As college football season heats up, the Wall Street Journal's Ben Cohen investigates the psychological and physiological effects of competitive feelings on both athletes and fans.
Emerging science suggests that rivalries can produce extraordinary outcomes and are best understood through college sports, according to Gavin Kilduff, a New York University management professor who's researched the topic.
The notion that people comport themselves differently in competitive situations dates back years; for example, Cohen cites an 1898 study that found cyclists went faster when other cyclists were around them.

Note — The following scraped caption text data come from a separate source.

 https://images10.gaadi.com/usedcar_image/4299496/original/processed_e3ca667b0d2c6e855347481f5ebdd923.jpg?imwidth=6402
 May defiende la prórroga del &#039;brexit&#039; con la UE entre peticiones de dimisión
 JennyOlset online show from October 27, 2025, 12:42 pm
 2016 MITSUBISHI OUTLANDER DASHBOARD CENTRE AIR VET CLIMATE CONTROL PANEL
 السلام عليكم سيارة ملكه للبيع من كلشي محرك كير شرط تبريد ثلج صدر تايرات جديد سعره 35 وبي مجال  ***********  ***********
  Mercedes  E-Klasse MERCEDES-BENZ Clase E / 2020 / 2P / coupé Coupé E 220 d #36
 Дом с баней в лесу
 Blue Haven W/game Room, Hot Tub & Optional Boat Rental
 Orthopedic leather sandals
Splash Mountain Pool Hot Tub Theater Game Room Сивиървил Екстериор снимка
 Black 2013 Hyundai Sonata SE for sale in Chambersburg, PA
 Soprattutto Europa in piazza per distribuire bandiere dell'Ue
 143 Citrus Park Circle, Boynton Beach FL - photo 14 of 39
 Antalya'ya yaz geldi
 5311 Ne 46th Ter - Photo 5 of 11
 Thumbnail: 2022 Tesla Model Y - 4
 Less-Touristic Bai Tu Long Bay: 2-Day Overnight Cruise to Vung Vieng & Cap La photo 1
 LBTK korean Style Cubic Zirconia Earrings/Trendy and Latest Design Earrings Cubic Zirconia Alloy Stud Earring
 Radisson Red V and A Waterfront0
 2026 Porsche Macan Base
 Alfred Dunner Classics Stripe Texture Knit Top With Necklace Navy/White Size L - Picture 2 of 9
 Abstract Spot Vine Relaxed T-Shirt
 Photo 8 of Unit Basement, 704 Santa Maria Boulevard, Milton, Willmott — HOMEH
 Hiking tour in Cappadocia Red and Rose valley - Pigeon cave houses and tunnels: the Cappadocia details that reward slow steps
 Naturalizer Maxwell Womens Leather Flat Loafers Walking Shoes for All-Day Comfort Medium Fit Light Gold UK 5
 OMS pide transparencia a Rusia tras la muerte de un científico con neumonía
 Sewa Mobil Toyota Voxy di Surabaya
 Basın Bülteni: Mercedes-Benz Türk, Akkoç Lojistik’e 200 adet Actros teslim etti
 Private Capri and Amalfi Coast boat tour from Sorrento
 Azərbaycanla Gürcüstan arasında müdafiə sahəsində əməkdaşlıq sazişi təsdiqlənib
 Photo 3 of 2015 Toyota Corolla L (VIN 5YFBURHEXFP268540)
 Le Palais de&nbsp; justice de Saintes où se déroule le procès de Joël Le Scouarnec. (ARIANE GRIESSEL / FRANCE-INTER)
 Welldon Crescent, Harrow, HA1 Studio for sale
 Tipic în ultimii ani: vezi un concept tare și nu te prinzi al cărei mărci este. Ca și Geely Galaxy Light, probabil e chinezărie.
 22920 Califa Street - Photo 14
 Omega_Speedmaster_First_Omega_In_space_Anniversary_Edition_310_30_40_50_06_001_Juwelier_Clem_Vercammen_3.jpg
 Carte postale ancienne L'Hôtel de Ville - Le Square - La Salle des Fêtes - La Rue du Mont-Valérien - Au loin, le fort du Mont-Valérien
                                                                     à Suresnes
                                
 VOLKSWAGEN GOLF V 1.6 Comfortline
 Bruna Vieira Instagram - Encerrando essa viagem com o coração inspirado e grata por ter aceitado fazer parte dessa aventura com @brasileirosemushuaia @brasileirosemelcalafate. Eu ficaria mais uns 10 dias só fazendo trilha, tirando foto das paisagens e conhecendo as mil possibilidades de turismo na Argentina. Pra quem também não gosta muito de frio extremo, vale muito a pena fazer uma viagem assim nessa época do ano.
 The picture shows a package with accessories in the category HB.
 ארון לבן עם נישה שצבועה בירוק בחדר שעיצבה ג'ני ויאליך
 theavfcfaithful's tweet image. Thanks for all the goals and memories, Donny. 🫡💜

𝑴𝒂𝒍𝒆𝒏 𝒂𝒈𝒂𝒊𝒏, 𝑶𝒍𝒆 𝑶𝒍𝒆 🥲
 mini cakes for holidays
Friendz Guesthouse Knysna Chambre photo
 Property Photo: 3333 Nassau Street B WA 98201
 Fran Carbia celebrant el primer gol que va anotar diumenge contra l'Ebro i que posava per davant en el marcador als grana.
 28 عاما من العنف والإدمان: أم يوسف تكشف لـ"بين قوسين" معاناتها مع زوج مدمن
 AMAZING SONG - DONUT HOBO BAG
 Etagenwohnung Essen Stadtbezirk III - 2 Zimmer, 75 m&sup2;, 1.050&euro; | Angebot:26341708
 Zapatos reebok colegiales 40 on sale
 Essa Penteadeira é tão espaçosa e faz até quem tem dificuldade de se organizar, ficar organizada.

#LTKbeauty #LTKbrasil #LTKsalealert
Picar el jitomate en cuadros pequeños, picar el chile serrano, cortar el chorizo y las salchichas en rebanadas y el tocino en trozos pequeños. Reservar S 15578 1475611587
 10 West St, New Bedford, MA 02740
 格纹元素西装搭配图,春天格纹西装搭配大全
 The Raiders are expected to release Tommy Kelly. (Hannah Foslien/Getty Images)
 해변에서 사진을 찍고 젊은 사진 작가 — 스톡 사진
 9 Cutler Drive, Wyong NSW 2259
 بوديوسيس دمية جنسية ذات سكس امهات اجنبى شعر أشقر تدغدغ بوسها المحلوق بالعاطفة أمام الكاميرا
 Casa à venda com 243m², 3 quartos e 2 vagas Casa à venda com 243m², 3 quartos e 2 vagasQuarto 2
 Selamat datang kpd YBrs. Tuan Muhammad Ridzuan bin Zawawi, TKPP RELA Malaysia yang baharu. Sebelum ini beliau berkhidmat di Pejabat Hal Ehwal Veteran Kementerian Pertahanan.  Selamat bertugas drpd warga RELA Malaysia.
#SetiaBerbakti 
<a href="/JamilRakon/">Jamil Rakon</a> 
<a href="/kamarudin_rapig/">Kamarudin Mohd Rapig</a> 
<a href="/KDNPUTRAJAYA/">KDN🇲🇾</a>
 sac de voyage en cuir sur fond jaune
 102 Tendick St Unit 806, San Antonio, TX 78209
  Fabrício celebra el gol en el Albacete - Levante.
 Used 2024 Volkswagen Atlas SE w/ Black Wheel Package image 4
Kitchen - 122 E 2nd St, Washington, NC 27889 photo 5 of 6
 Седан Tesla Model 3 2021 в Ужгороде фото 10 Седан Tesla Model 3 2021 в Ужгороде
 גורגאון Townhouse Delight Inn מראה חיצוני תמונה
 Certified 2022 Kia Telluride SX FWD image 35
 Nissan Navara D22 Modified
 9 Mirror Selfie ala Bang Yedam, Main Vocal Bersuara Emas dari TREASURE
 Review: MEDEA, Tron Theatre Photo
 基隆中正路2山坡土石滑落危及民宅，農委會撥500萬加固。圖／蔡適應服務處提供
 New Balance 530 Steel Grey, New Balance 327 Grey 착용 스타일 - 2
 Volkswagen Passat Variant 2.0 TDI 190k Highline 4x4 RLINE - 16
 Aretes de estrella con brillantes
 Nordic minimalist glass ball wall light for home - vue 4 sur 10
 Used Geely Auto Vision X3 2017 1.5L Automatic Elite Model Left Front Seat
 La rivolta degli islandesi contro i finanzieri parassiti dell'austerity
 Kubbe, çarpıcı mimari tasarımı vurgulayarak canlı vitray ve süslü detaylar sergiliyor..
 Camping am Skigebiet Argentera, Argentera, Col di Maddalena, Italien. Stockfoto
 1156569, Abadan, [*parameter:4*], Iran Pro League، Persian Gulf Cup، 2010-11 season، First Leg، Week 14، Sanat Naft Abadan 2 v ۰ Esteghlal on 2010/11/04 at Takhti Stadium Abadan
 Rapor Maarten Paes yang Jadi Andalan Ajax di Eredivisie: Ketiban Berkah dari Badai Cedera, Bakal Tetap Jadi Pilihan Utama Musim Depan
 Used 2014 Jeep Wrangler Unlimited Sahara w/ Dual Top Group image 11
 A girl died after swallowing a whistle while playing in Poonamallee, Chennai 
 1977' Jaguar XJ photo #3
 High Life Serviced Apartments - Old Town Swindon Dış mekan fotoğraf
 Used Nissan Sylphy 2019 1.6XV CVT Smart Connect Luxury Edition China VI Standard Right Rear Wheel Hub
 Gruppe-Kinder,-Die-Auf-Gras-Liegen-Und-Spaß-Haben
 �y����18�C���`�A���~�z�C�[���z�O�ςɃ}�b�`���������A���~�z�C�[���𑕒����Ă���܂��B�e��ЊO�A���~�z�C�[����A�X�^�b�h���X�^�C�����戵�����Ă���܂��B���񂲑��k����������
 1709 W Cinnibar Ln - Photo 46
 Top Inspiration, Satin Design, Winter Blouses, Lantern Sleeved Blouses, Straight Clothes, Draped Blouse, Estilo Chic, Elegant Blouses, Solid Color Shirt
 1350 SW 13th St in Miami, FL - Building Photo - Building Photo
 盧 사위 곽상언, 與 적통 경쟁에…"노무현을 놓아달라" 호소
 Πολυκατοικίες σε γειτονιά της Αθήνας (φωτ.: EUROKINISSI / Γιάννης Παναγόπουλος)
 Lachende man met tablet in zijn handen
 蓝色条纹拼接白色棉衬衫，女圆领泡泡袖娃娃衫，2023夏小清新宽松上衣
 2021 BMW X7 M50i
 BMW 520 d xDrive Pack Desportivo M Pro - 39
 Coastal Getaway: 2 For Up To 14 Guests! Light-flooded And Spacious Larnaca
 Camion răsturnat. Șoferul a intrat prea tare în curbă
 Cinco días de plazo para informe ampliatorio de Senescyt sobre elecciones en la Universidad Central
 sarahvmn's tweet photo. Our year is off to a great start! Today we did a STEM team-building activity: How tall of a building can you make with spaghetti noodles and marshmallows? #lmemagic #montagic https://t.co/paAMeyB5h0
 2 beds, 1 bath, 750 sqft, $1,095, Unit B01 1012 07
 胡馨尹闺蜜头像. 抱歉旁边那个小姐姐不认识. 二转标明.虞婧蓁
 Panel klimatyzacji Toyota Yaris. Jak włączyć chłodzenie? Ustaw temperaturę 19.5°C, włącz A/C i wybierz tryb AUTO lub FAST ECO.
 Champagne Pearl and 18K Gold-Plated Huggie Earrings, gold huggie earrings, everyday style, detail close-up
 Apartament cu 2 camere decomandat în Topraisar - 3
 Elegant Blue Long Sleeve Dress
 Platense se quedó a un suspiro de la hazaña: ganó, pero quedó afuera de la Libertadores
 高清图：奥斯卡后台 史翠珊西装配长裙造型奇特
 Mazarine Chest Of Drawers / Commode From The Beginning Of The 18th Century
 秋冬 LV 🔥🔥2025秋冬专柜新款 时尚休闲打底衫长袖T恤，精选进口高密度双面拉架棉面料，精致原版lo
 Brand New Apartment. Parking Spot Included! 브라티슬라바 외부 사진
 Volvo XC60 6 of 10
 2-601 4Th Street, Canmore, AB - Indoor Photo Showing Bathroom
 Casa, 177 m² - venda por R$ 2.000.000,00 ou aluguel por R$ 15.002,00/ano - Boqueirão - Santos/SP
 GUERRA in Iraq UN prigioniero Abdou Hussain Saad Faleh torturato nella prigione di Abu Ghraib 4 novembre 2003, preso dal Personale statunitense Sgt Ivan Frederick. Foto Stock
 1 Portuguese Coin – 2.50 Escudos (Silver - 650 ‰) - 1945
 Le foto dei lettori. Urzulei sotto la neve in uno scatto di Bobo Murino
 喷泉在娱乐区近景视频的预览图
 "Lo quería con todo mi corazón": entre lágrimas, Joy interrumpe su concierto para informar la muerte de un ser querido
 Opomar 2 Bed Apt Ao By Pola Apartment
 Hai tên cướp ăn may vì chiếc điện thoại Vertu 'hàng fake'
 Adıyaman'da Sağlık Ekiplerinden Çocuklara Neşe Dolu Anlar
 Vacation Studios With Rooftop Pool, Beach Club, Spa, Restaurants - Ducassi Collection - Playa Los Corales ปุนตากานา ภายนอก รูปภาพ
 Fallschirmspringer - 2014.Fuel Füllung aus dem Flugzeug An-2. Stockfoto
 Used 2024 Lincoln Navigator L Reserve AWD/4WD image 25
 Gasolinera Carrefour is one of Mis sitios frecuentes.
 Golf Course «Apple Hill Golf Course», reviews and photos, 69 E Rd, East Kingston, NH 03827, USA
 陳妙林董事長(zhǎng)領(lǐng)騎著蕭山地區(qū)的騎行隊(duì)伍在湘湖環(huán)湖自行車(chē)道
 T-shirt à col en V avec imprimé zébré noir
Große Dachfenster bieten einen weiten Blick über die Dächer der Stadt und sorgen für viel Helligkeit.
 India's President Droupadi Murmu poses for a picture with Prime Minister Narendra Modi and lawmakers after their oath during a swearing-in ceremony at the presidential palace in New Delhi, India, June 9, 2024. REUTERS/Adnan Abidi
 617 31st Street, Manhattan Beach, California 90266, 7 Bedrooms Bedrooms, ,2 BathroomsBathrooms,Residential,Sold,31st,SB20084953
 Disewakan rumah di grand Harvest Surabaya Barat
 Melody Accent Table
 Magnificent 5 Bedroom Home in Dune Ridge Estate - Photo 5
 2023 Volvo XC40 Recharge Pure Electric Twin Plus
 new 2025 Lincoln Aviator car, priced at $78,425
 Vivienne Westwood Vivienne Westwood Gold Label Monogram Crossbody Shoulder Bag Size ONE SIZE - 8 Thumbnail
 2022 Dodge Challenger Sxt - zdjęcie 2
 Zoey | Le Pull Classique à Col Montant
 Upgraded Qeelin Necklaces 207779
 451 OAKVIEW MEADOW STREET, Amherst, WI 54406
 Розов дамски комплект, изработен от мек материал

However, only in the past ten years have researchers begun to identify the psychology behind rivalries.
What is a rivalry?
"Rivalry is fundamentally related to competition, but it's competition over time," says Mina Cikara, Harvard University psychologist, providing an "opportunity for attitudes and emotions to become more polarized and entrenched."
History, proximity, and similarity of schools add the "oomph" to every rivalry, says Kilduff, and feelings intensify when their records against each other are close. For example, going into last Saturday's match-ups, Auburn University and University of Mississippi (Ole Miss) respectively lead Alabama University and Mississippi State University 18-16 since 1980.
Bolstering support for university athletics
In the Mississippi State locker room, a clock counts down to the yearly Egg Bowl versus rival Ole Miss—and resets right after the game. "Our players see it every day," says coach Dan Mullen.
What are the effects on athletes?
Rivalries both increase athletes' motivation and improve their performances. Examining results of running club races, Kilduff found runners were about 25 seconds faster in 5-kilometer races when going against rivals.
The competition also manifests physically—a 2003 study tested English soccer players' saliva before and after games and practices against various teams. When they played rivals, their testosterone levels spiked.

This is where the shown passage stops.